Pluto's predictability has even disappointed the creative sector. "I've been professionally painting celestial bodies for a long time, but after looking over the photos what is the point," asked painter Agatha Freily. "I looked it up and some book cover artist painted what turned out to be a photo-realistic portrait of Pluto back in 1979."

When asked how he was able to create such a realistic painting of the erstwhile planet, the artist in question, Mr. Don Dixon, answered "Easily." When pestered for more information Dixon replied "Anyone with even a modicum of understanding of space and our solar system could have created the same paining.
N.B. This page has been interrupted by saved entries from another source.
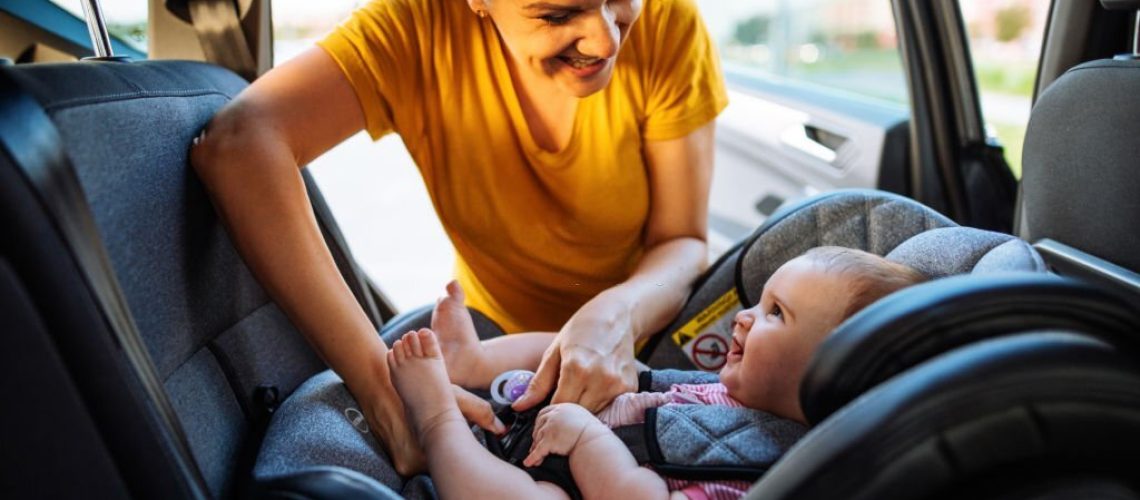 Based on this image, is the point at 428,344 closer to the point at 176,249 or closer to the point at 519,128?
the point at 176,249

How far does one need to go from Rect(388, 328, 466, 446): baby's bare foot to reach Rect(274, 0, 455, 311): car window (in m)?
1.90

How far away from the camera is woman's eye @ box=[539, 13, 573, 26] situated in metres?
1.16

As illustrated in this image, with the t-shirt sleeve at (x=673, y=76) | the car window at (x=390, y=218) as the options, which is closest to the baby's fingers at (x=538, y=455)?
the t-shirt sleeve at (x=673, y=76)

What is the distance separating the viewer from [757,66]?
350cm

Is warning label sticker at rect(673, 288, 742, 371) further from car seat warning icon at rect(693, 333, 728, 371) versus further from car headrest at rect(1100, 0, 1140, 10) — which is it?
car headrest at rect(1100, 0, 1140, 10)

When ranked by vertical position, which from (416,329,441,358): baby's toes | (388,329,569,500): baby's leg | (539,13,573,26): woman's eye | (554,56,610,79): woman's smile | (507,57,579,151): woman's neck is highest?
(539,13,573,26): woman's eye

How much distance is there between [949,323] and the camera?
0.72 m

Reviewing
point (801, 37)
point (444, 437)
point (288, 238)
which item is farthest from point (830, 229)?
point (801, 37)

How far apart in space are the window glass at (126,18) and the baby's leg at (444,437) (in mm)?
873

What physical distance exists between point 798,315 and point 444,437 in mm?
461

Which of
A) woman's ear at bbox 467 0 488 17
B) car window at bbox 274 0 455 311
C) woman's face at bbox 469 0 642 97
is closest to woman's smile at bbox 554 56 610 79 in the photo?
woman's face at bbox 469 0 642 97

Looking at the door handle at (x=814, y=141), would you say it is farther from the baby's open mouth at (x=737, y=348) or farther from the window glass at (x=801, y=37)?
the baby's open mouth at (x=737, y=348)

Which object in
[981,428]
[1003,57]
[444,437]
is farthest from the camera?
[1003,57]

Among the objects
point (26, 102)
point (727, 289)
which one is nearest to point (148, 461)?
point (26, 102) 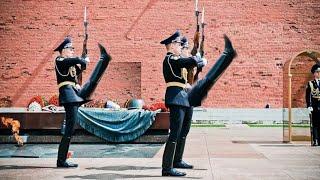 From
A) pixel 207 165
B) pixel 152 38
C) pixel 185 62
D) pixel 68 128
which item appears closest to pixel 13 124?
pixel 68 128

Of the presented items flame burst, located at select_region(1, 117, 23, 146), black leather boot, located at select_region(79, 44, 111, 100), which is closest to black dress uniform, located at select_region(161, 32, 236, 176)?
black leather boot, located at select_region(79, 44, 111, 100)

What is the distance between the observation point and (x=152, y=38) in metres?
16.2

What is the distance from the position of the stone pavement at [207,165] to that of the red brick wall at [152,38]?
7444mm

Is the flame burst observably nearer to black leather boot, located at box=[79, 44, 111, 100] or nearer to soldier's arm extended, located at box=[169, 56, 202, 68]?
black leather boot, located at box=[79, 44, 111, 100]

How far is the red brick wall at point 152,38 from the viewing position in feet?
52.4

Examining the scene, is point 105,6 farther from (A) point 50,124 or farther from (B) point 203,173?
(B) point 203,173

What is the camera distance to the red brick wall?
52.4ft

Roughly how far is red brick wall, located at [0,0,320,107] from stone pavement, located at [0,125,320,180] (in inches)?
293

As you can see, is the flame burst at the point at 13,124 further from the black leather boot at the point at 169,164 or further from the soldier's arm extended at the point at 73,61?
the black leather boot at the point at 169,164

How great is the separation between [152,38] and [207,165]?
10293 millimetres

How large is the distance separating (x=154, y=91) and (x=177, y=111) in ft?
34.9

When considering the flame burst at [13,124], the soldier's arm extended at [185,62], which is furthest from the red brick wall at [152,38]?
the soldier's arm extended at [185,62]

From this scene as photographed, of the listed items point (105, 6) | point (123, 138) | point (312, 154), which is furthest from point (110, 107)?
point (105, 6)

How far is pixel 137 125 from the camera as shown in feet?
30.7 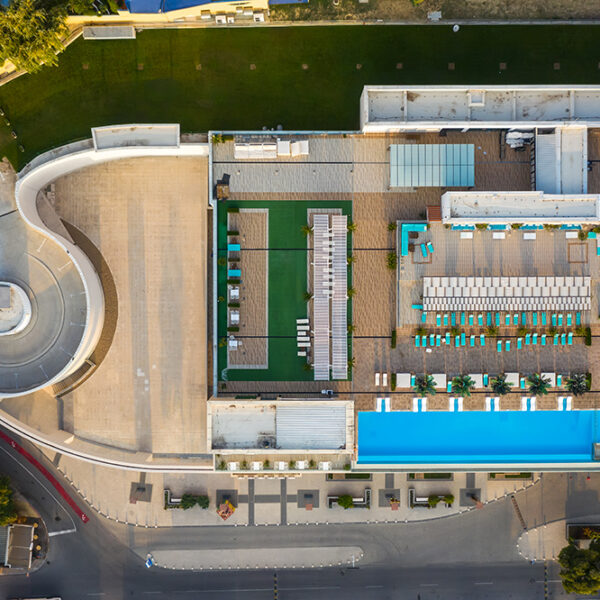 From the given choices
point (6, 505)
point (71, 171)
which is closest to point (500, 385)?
point (71, 171)

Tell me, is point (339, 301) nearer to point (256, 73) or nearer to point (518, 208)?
point (518, 208)

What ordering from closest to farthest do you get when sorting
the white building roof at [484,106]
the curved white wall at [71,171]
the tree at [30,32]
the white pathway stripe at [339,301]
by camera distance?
the tree at [30,32]
the white building roof at [484,106]
the curved white wall at [71,171]
the white pathway stripe at [339,301]

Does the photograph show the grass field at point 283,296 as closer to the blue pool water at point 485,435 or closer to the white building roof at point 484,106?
the blue pool water at point 485,435

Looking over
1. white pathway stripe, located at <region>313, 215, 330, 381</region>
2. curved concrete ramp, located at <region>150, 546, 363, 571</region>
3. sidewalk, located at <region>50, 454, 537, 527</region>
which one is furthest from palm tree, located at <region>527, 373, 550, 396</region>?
curved concrete ramp, located at <region>150, 546, 363, 571</region>

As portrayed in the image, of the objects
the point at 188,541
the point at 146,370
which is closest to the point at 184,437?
the point at 146,370

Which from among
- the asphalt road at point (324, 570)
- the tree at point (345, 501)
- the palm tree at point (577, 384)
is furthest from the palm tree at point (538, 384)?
the tree at point (345, 501)

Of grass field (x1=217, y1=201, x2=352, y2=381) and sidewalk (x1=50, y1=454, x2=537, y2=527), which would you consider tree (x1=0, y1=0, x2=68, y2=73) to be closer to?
grass field (x1=217, y1=201, x2=352, y2=381)

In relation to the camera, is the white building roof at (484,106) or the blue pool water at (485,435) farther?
the blue pool water at (485,435) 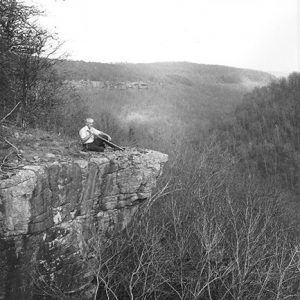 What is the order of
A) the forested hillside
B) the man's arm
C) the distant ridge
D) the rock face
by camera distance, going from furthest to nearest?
the distant ridge < the forested hillside < the man's arm < the rock face

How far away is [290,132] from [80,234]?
5665 centimetres

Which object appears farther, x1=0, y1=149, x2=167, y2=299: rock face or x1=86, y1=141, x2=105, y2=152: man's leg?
x1=86, y1=141, x2=105, y2=152: man's leg

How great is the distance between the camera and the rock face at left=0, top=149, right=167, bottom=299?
805 cm

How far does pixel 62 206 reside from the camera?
9.07m

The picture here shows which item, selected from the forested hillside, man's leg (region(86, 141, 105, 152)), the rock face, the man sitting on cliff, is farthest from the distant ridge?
the rock face

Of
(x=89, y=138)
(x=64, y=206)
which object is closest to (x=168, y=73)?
(x=89, y=138)

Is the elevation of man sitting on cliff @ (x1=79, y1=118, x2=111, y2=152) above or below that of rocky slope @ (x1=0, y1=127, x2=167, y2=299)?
above

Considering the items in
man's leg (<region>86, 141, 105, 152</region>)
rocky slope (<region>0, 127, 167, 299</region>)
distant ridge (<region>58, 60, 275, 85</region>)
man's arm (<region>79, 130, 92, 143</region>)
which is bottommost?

It wasn't hard, and the images coming forward have only furthered my belief that NASA was just wasting time between lunar missions when they began this mission." Dixon went on to blast NASA for the mission, and wasting untold billions of dollars funding it.

"There are some pretty mysterious hills down on that surface. That's pretty amazing, right?!" asked an increasingly desperate Ryschkewitsch, desperately trying to shine the Pluto turd. "We could do some studies, maybe, on how those formed!" His team of lethargic and jaded engineers only gave him blank stares. "Ah, jeez... Well there's still plenty of photos that will be sent our way in the coming weeks. You never know, something new and unexpected may show up one of those!" An engineer dejectedly shook her head. The rest stared dully into the abyss. Ryschkewitsch sighed. "Who would have guessed that a world over four and a half billion miles away would have conformed so heavily to our expectations? But... no. Something new and exciting will show up! It has to... right? ... RIGHT?!"